HMV exclusive B-sides EP
| No. | Title | Length |
|---|---|---|
| 1. | "Right Click Save" | 3:35 |
| 2. | "21st Century Blues" | 3:32 |
| 3. | "Wired Differently" | 3:37 |
| 4. | "Greek Tragedy" (Bastille Remix) | 3:54 |

==Personnel==
Credits adapted from the album's liner notes.
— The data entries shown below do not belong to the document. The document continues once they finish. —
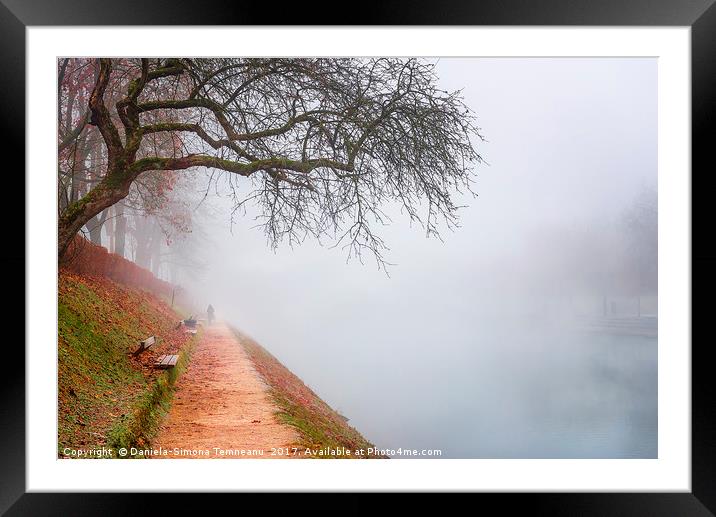 Path in autumn mist along the river Framed Mounted Print by Daniela Simona Temneanu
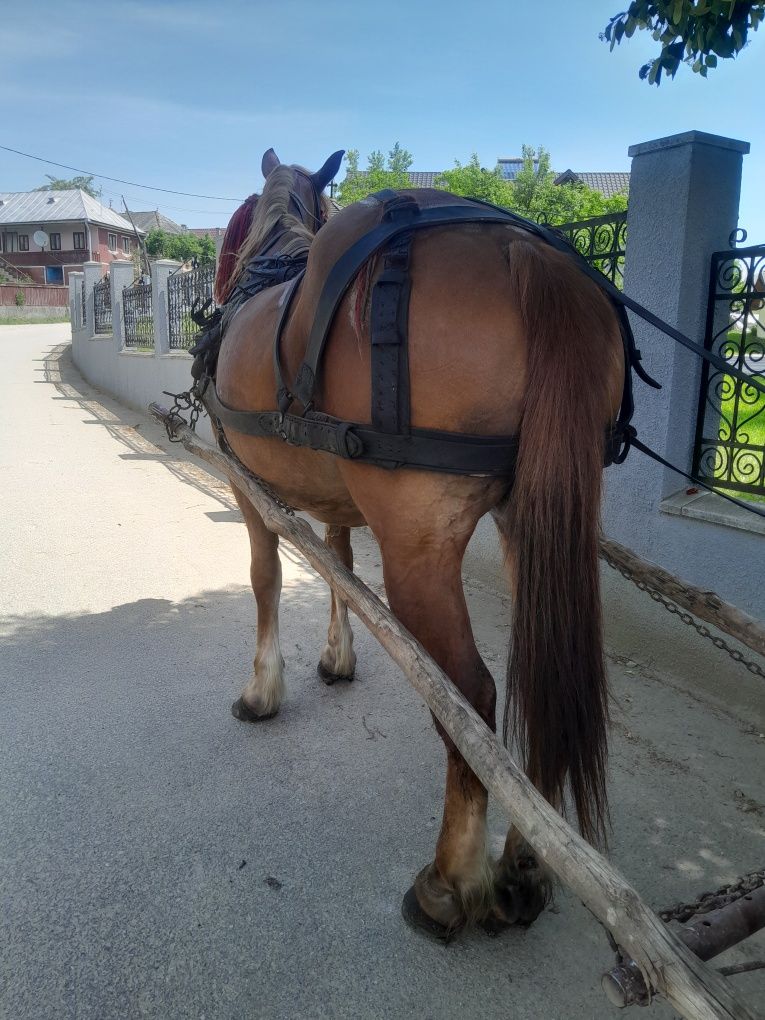 Vând iapa garantată la ori ce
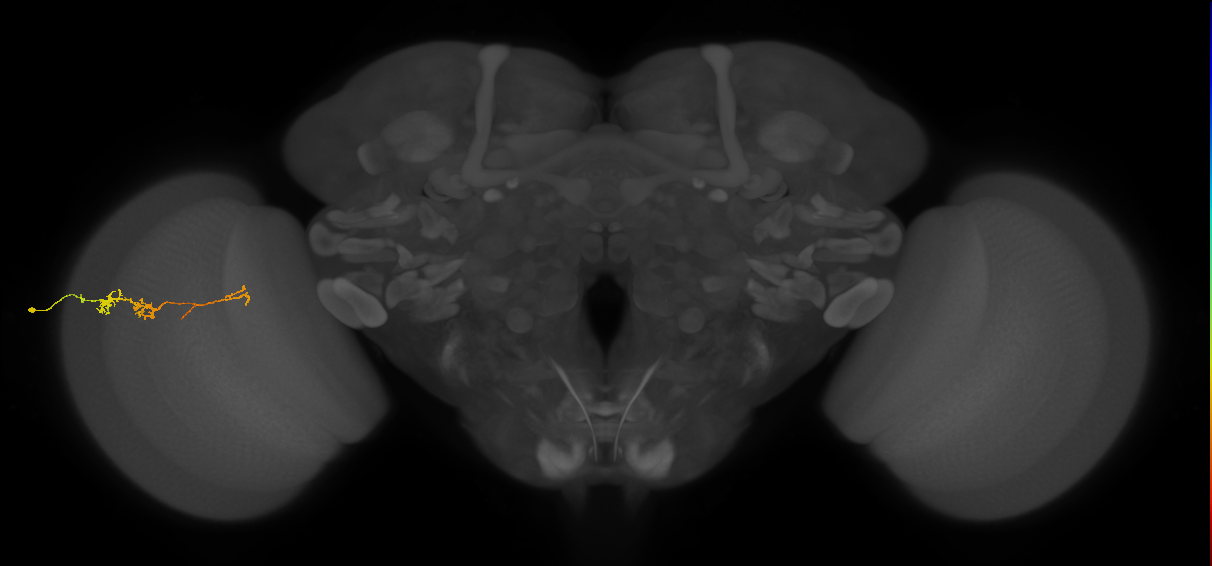 TmY18_L (MaleCNS:102892)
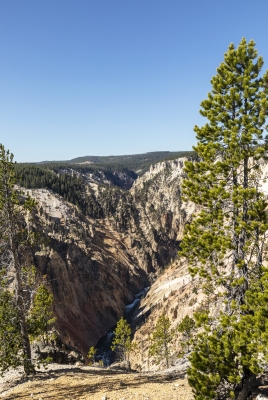 Yellowstone Grand Cayon 2024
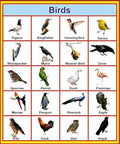 Learning Plus (Birds Charts).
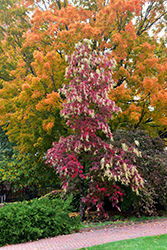 Sourwood (Oxydendrum arboreum) at Valley View Farms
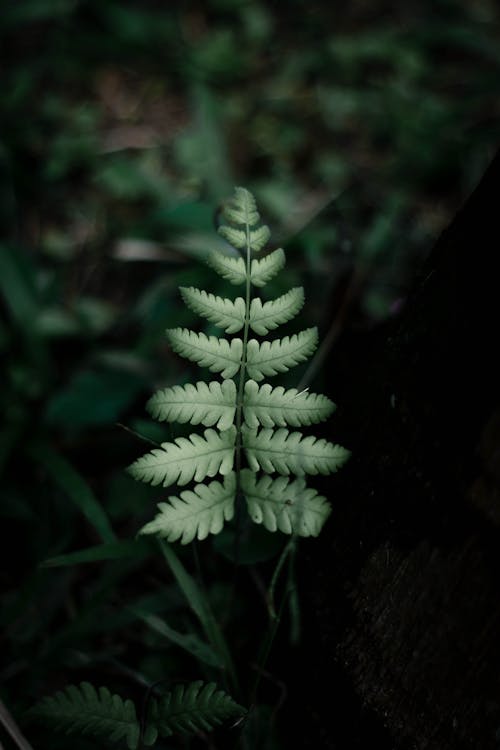 녹색 고사리 잎의 사진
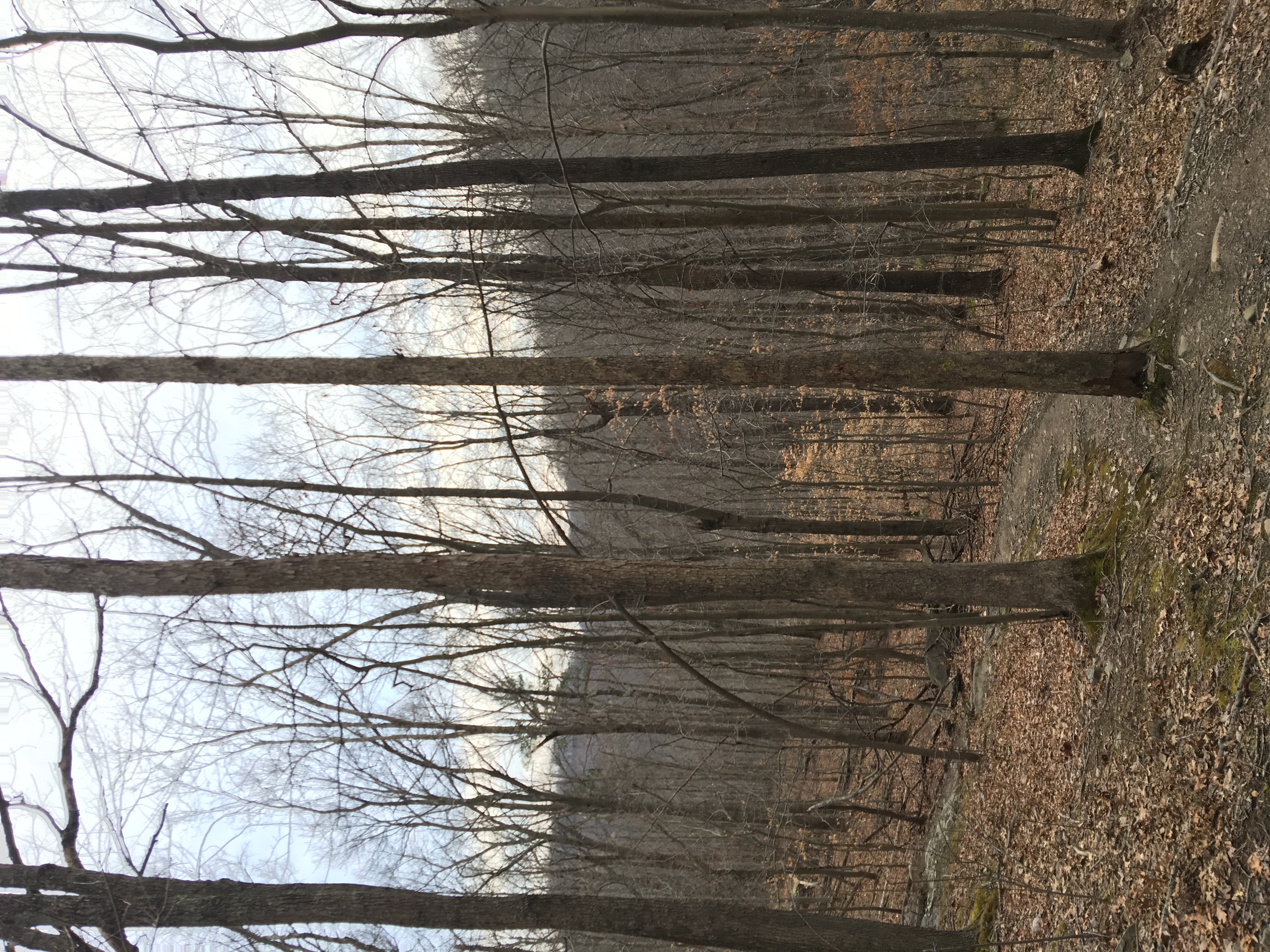 Kanawha State Forest Campground Entrance Campground
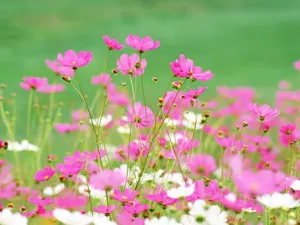 山花烂漫 第三辑_4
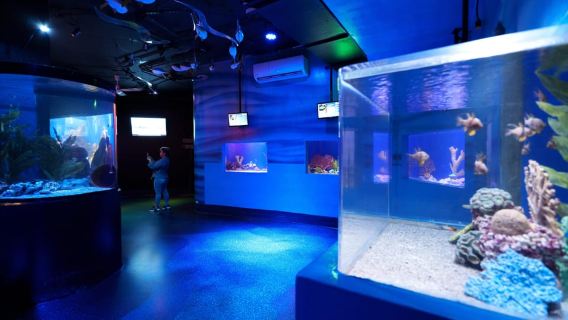 Inbursa Aquarium Entry Ticket with VR Option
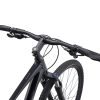 Giant Roam Disc 2 (2022) Black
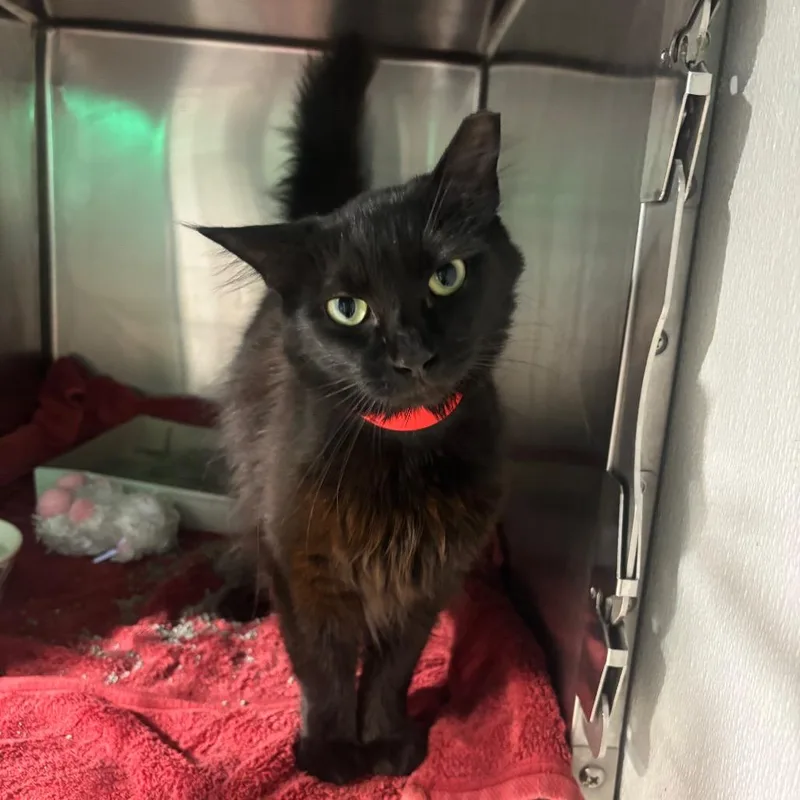 An adult medium-sized female Gray / Blue / Silver Domestic Medium Hair cat named Barbra for adoption in Tampa, FL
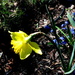 One daffodil among the beautiful bluebells by bruni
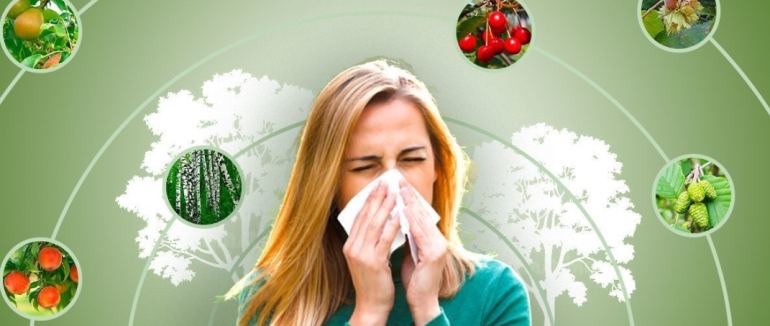 Календар цвітіння алергенних рослин в Україні: коли чекати на загострення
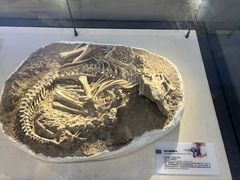 -国家自然博物馆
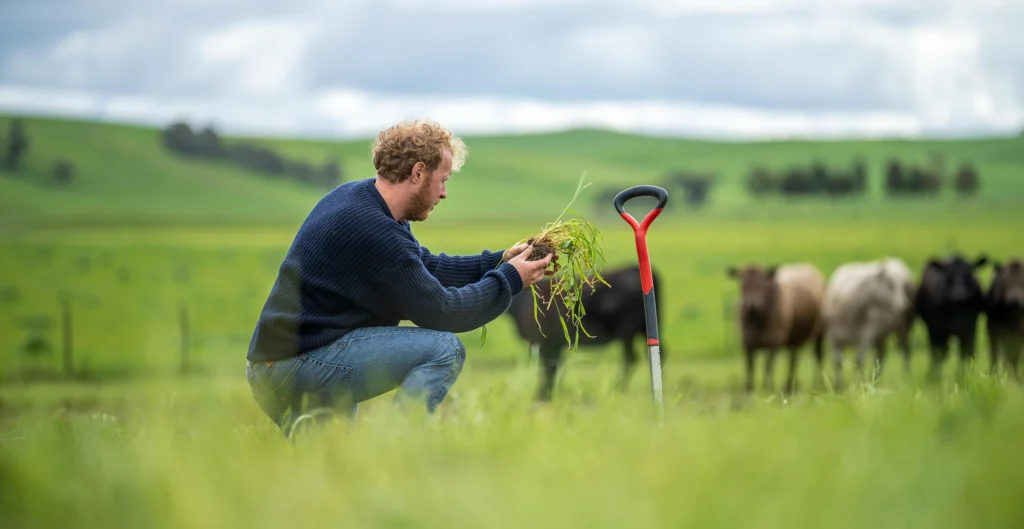 P1gtuo90v8jji1bg61n041ts584i5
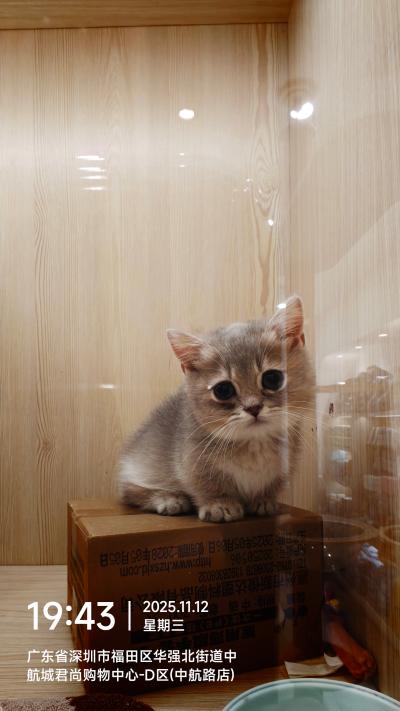 深圳-箱子上的小奶猫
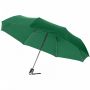 Alex 21.5" sammenleggbar automatisk åpne/lukke paraply Grønn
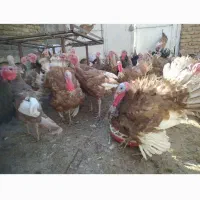 بوقلمون نر ارگانیک|حیوانات مزرعه|هرسین, |دیوار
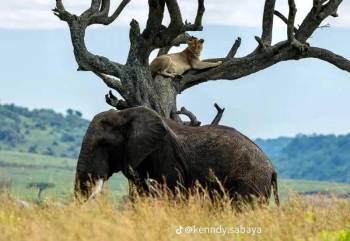Samburu Tour Packages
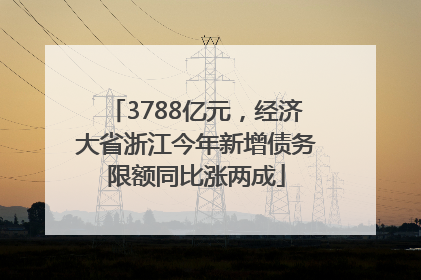 3788亿元，经济大省浙江今年新增债务限额同比涨两成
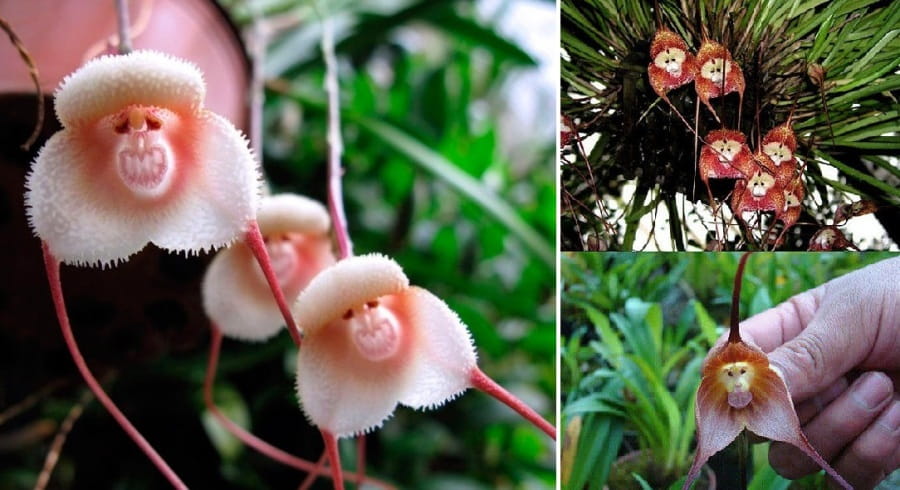 25 странных растений, о которых знают только самые любопытные всезнайки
- Matthew Murphy – lead vocals, guitars, keyboards, production
- Dan Haggis – drums, percussion, keyboards, guitars, backing vocals, production
- Tord Øverland Knudsen – bass guitar, keyboards, backing vocals, production
- Mark Crew – production and recording on all tracks except "Your Body Is a Weapon"
- Eric Valentine – production and recording on "Your Body Is a Weapon"
- Oliver Nelson – additional production on "This Is Not a Party"
- Manny Marroquin – audio mixing
- Stephen Marcussen – audio mastering
- Alex Gilbert – A&R
- Jeffrey P. Chang – A&R assistant
- Conor O'Mahony – coordination
- Storm Yeechong – coordination
- Samuel Burgess-Johnson – artwork
- Darren Oorloff – artwork
- Dan Priddy – recording assistant to Mark Crew
- Cian Riordan – recording assistant to Eric Valentine
- Chris Galland – mixing assistant
- Ike Schultz – mixing assistant
- Jeff Jackson – mixing assistant
- Willy Scooby – additional recording
- Zorg Albini – additional recording
- Jon Sagis – additional recording
- Darren Jones – recording assistant to Jon Sagis
- Robert Whitely – additional recording
- Justin Long – additional recording

==Charts==

===Weekly charts===

| Chart (2015) | Peak position |
|---|---|
| Australian Albums (ARIA) | 2 |
| Austrian Albums (Ö3 Austria) | 62 |
| Belgian Albums (Ultratop Flanders) | 151 |
| Dutch Albums (Album Top 100) | 89 |
| German Albums (Offizielle Top 100) | 30 |
| Hungarian Albums (MAHASZ) | 34 |
| Scottish Albums (OCC) | 10 |
| Swiss Albums (Schweizer Hitparade) | 74 |
| UK Albums (OCC) | 5 |
| US Billboard 200 | 91 |
| US Top Alternative Albums (Billboard) | 13 |
| US Independent Albums (Billboard) | 5 |
| US Top Rock Albums (Billboard) | 16 |

===Year-end charts===

| Chart (2015) | Position |
|---|---|
| Australia (ARIA) | 60 |

==Certifications==

| Region | Certification | Certified units/sales |
| United Kingdom (BPI) | Gold | 100,000^{‡} |
^{‡} Sales+streaming figures based on certification alone.